Os perigos das Fake News na era da informação

Enviada em 26/03/2019

Compreendida como notícias falsas que, no entanto, aparentam ser verdadeiras, as fake news, antigamente transvestidas de mitos, sempre estiveram presentes nas mais diversas sociedades do globo, bem como no Brasil. Contudo, foi a partir do século XXI, com o avanço tecnológico e o surgimento das redes sociais, que as notícias falsas foram potencializadas, passando a alcançar mais pessoas em um curto espaço de tempo e a desencadear consequências sérias à integridade psíquica e física dos indivíduos inseridos no meio em que são disseminadas. Assim, por ferir direitos básicos dos seres, como a segurança, a omissão dos órgãos competentes brasileiros, frente a esse tema, torna-se inconstitucional.

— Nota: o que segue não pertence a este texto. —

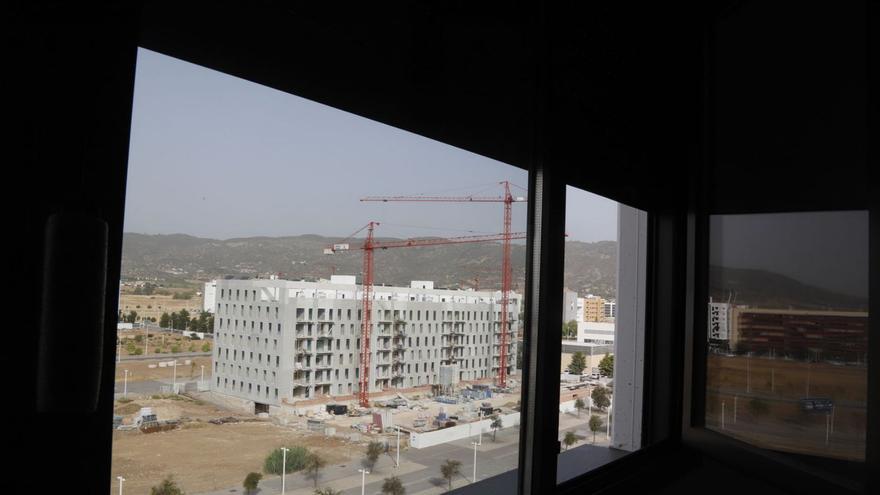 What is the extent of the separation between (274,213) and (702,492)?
230 cm

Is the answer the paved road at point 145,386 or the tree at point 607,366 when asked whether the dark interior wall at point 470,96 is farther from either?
the tree at point 607,366

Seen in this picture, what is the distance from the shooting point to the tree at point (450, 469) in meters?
1.64

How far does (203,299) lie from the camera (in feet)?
3.48

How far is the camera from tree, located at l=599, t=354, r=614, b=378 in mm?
2600

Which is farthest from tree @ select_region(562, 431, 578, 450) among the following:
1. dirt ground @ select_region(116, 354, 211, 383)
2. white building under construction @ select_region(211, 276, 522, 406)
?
dirt ground @ select_region(116, 354, 211, 383)

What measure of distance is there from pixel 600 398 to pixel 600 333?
29cm

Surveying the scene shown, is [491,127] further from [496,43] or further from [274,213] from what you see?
[274,213]

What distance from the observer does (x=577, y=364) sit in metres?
2.24

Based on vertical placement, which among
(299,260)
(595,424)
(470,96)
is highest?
(470,96)

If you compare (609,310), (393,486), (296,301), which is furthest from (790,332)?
(296,301)

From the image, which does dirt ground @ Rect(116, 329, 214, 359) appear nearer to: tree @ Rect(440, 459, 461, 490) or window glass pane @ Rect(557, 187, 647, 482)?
tree @ Rect(440, 459, 461, 490)

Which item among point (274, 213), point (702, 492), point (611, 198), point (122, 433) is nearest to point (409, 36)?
point (274, 213)

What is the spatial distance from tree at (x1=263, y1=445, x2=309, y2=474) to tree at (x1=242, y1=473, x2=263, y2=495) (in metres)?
0.02

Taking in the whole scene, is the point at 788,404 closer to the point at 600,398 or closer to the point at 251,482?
the point at 600,398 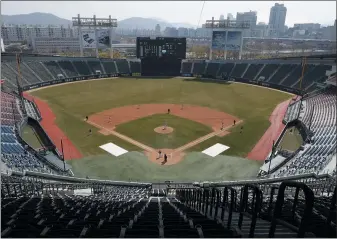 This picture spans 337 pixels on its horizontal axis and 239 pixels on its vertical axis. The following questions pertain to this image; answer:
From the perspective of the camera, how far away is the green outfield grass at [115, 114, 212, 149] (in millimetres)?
35500

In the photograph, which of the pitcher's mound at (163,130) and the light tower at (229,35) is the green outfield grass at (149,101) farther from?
the light tower at (229,35)

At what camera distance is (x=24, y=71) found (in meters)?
69.5

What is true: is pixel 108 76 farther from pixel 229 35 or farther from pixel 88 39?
pixel 229 35

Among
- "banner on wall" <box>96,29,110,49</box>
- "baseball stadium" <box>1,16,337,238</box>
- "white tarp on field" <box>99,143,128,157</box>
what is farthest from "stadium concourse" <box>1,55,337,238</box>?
"white tarp on field" <box>99,143,128,157</box>

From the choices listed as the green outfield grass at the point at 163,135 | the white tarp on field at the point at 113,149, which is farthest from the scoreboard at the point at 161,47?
the white tarp on field at the point at 113,149

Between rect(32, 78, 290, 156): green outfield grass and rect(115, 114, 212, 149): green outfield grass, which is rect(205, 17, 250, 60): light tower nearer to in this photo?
rect(32, 78, 290, 156): green outfield grass

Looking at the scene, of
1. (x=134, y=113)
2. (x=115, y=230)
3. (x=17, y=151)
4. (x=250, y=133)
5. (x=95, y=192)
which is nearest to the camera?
(x=115, y=230)

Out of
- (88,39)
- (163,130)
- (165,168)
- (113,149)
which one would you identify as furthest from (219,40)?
(165,168)

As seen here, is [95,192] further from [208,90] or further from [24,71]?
[24,71]

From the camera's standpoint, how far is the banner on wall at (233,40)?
82.8m

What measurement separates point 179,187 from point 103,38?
70292 mm

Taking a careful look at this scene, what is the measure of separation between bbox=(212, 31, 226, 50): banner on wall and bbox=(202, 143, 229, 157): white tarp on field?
56.9 m

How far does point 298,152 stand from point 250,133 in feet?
29.0

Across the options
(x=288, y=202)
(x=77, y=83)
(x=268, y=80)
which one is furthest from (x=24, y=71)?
(x=288, y=202)
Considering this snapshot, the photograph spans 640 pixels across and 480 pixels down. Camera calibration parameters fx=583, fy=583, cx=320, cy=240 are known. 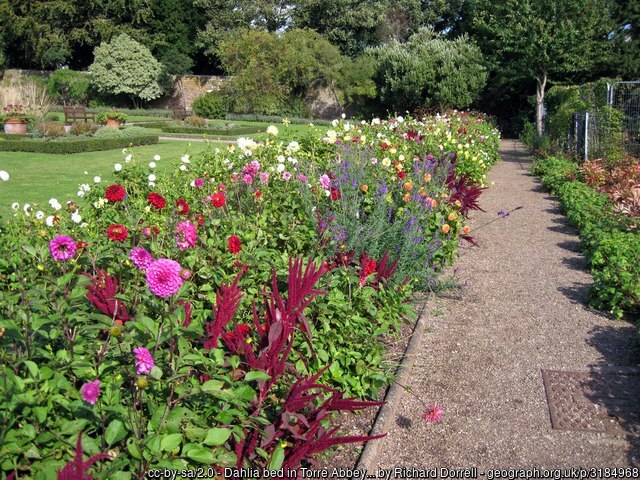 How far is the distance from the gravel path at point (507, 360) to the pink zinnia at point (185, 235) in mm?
1276

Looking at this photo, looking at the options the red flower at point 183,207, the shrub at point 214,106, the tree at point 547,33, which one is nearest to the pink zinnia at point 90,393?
the red flower at point 183,207

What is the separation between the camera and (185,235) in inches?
103

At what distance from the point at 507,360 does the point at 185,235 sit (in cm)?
210

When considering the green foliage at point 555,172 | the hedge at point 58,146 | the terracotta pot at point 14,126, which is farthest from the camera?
the terracotta pot at point 14,126

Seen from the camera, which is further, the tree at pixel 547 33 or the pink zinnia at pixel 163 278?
the tree at pixel 547 33

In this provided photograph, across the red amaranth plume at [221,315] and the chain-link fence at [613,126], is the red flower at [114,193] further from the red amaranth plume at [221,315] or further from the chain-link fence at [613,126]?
the chain-link fence at [613,126]

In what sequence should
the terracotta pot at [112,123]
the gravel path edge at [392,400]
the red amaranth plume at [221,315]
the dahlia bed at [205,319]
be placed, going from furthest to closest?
the terracotta pot at [112,123] < the gravel path edge at [392,400] < the red amaranth plume at [221,315] < the dahlia bed at [205,319]

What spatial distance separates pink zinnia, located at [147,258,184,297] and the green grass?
4448 mm

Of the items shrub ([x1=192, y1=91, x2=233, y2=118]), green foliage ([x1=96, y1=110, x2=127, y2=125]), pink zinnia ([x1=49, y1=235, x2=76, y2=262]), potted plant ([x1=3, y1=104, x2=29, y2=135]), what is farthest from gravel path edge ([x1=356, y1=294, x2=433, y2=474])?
shrub ([x1=192, y1=91, x2=233, y2=118])

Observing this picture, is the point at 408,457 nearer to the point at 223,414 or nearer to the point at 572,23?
the point at 223,414

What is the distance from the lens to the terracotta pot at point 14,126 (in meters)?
17.7

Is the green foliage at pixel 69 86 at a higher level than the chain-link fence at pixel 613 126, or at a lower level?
higher

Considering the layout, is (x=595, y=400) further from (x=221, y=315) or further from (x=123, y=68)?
(x=123, y=68)

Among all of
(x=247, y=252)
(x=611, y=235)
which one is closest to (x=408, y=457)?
(x=247, y=252) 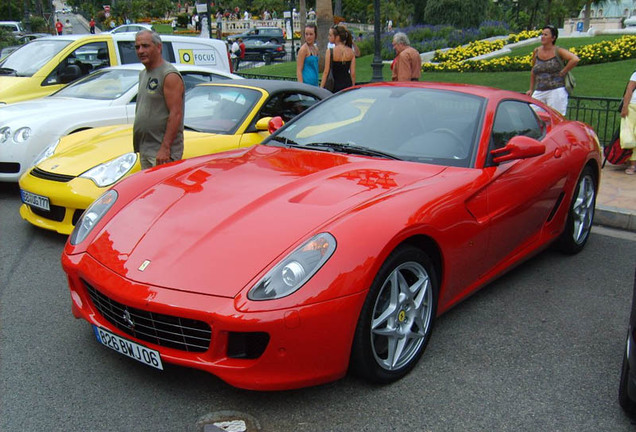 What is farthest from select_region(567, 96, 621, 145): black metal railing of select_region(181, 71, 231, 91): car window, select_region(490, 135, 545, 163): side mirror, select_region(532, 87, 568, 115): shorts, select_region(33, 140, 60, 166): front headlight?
select_region(33, 140, 60, 166): front headlight

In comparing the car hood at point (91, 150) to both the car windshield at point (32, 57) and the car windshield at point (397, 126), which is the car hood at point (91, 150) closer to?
the car windshield at point (397, 126)

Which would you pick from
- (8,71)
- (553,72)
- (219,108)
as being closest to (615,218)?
(553,72)

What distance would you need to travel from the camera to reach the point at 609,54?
18484 mm

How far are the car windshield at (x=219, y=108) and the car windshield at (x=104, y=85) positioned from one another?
1.40 m

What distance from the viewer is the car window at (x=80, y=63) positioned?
8930mm

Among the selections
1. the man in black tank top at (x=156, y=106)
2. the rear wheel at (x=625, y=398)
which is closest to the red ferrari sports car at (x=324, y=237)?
the rear wheel at (x=625, y=398)

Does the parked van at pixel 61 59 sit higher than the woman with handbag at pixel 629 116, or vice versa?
the parked van at pixel 61 59

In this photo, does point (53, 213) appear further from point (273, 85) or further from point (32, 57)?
point (32, 57)

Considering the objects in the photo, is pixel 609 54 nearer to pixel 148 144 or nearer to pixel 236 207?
pixel 148 144

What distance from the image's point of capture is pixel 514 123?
4484 mm

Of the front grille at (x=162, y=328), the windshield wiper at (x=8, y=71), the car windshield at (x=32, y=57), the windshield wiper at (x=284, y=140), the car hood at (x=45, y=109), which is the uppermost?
the car windshield at (x=32, y=57)

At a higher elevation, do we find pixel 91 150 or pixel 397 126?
pixel 397 126

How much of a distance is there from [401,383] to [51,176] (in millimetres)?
3717

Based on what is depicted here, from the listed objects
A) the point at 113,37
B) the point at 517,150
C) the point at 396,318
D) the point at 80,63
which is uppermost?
the point at 113,37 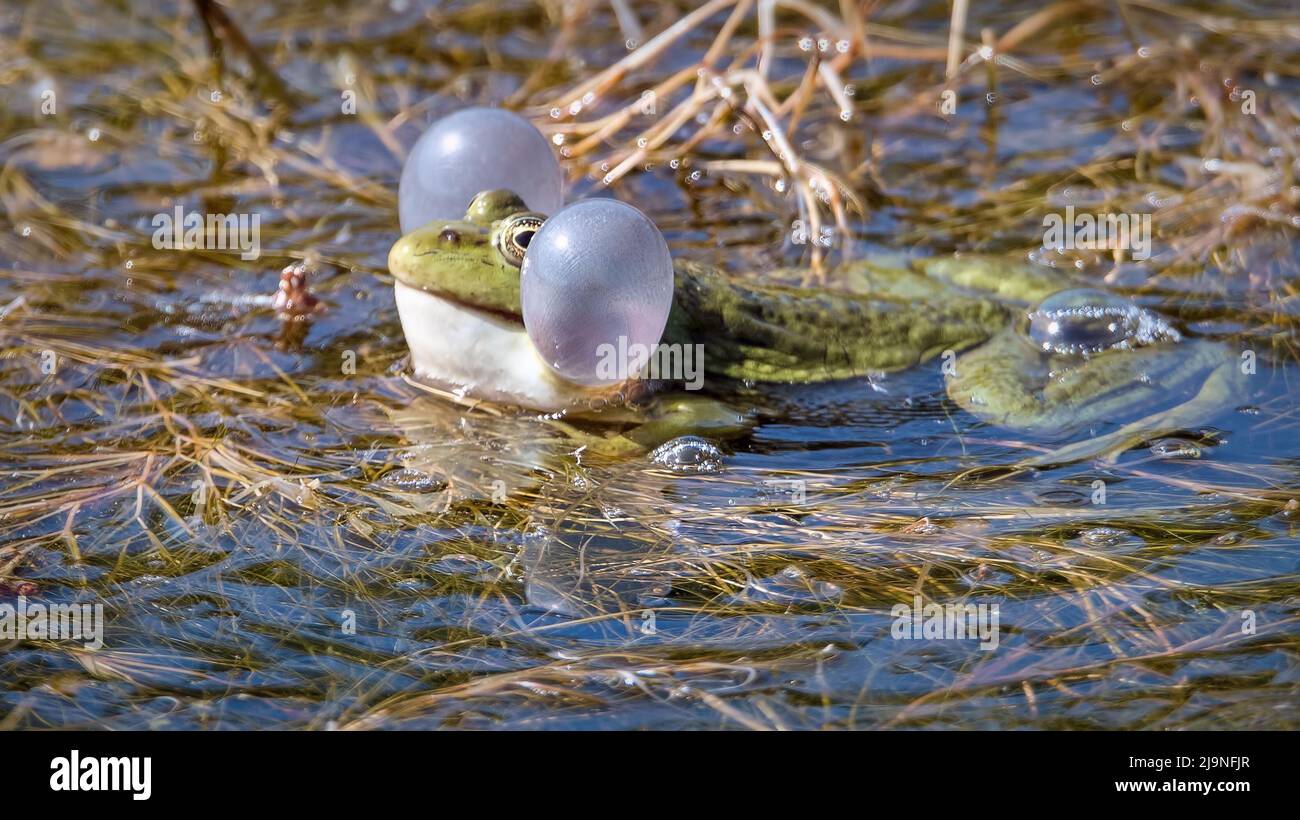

Em geral, as fake news são criadas por empresas virtuais que têm como objetivo primordial atingirem números de cliques cada vez maiores. Com títulos alarmantes, pedidos enfáticos de compartilhamento e conteúdos que abordam assuntos polêmicos, as inverdades são acessadas por espectadores que se interessam pelo tema exposto. Assim, por possuírem afinidade e conformidade com a afirmação trazida na reportagem, esses leitores, na maioria das vezes sem saberem da existência das fake news, deixam suas crenças e suas emoções aflorarem e não averiguam as fontes da notícia, repassando os boatos aos amigos e à família.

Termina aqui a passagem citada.